La fonction environnementale d’une culture intermédiaire piège à nitrate (CIPAN) consiste à absorber le plus possible d’azote minéral du sol avant l’entrée en période de drainage. En effet, pendant cette période, l’azote nitrique peut être lessivé dans le réseau hydrographique. La quantité d’azote absorbé par le couvert est fonction de la biomasse produite et de la disponibilité en azote dans le sol. Les couverts non-légumineuses (crucifères, graminées, phacélie) présentent des quantités d’azote absorbé globalement assez proches, malgré des différences en terme de vitesse et de potentiel d’absorption. Grâce à leur double capacité à absorber l’azote du sol et à fixer l’azote de l’air, les légumineuses présentent de plus fortes teneurs en azote pour un niveau de biomasse donné. Les mélanges crucifères- légumineuses et graminées- légumineuses présentent des teneurs intermédiaires.
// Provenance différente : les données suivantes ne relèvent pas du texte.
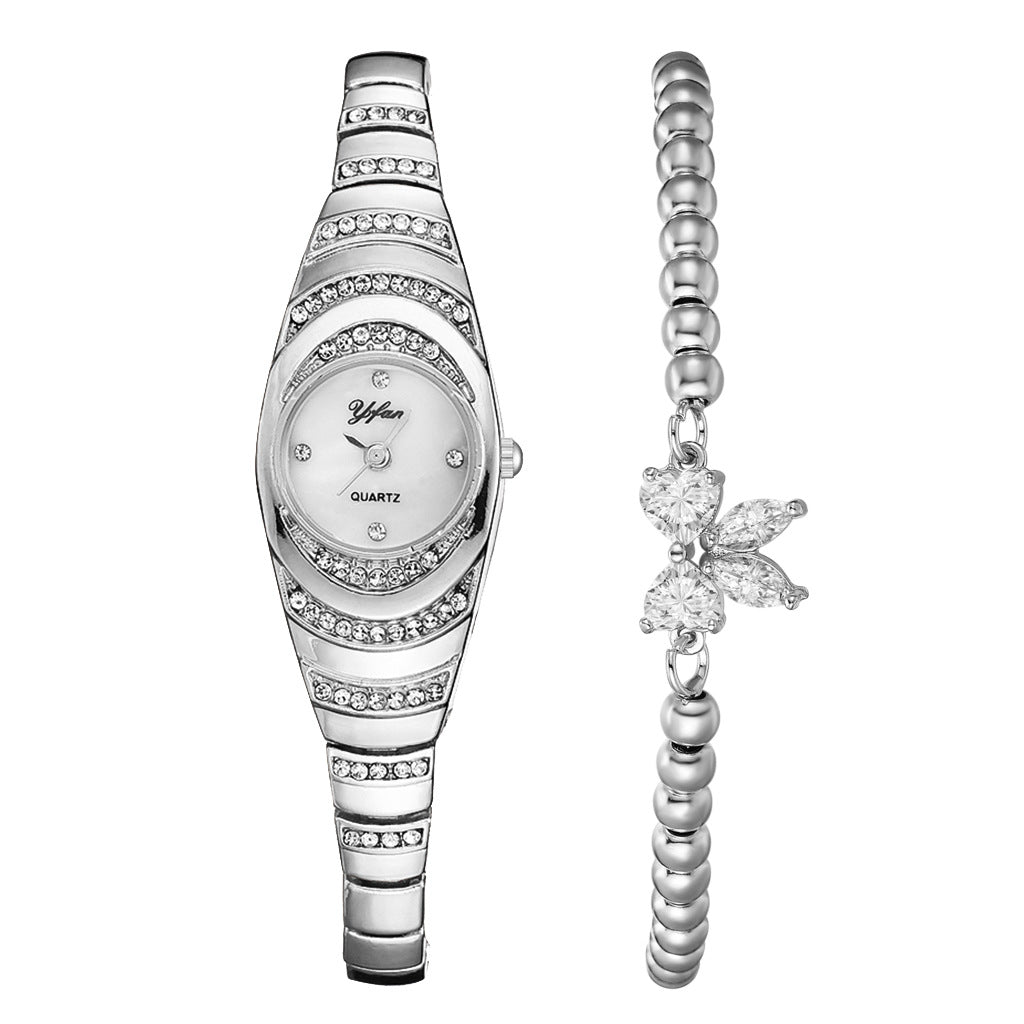 💎Ženska ura s kristalno zapestnico⌚-SI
La capacité à piéger les nitrates dans le sol

La performance d’un couvert en tant que piège à nitrate s’évalue au moment de sa destruction. On constate, pour les espèces non-légumineuses, une relation entre l’effet piège à nitrate et les quantités d’azote accumulées dans les parties aériennes. Les résultats ne mettent pas en évidence de grande différence entre espèces.
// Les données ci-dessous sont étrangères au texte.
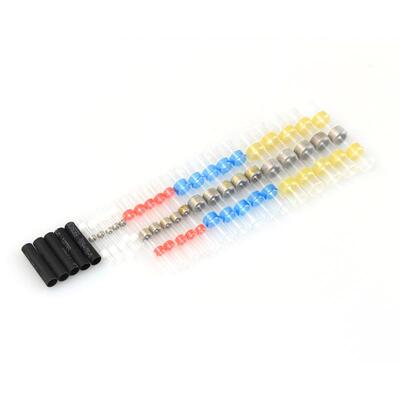 250pcs 盒装防水焊锡环热缩中接端子 焊锡环热缩套管接线端子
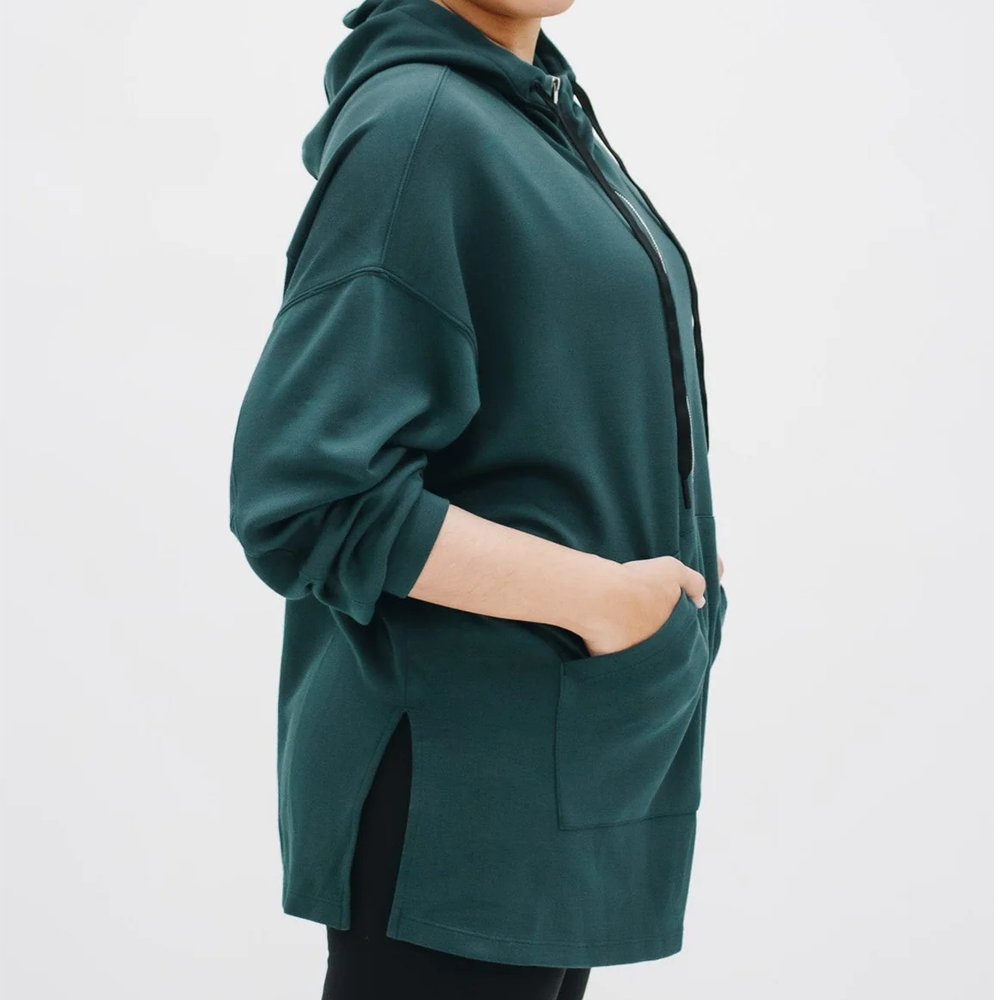 Zip Up Modest Islamic Muslim Cotton Women's Hoodies Sweatshirts Custom Heavy Weight Oversized Abaya Hoodie Dress For Ladies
Par contre, le comportement des légumineuses est particulier. Bien que, pouvant absorber des quantités globalement similaires d’azote dans les parties aériennes, leur capacité à réduire le stock d’azote minéral dans le sol est moindre que celle des non-légumineuses.

Cela s’explique d’une part par le fait que le système racinaire des légumineuses peut être moins performant que celui d’une graminée ou d’une crucifère pour absorber l’azote minéral dans le sol (enracinement moins profond et moins dense du pois par exemple). Là encore, les mélanges crucifères-légumineuses présentent des performances intermédiaires.

Restitution de l’azote à la culture suivante

Par rapport à un sol nu, un couvert a un effet dépressif sur le stock d’azote initial et restitue plus ou moins d’azote par minéralisation après destruction. Par rapport à un sol nu, les couverts non-légumineuses sont soit sans effet, soit réduisent le reliquat sortie hiver. En effet, ils réduisent assez fortement le stock initial, tout en restituant assez peu d’azote par minéralisation pendant l’hiver ce qui, en situation de faible lessivage, entraîne une diminution du reliquat sortie hiver.

À l’opposé, les couverts légumineuses présentent un effet neutre ou positif sur le reliquat sortie hiver, à la fois par une moindre efficacité dans la réduction du stock d’azote minéral à l’entrée drainage et par une minéralisation plus importante d’azote provenant des résidus après destruction. Les mélanges crucifères-légumineuses et graminées-légumineuses présentent des performances intermédiaires.

La minéralisation de l’azote des résidus du couvert débute dès sa destruction. Dans les 6/9 mois qui suivent, elle représente au maximum 50 % de l’azote total absorbé. Plus la teneur en azote du couvert et la quantité absorbée sont élevées, plus la minéralisation est importante. Plus la période entre la date de destruction du couvert et la date de mesure du reliquat sortie hiver est longue, plus la fraction restant à minéraliser est faible. Ce complément de minéralisation dû à la culture intermédiaire n’excède pas 30 kg N/ha, ce chiffre correspondant à un couvert de légumineuses pures.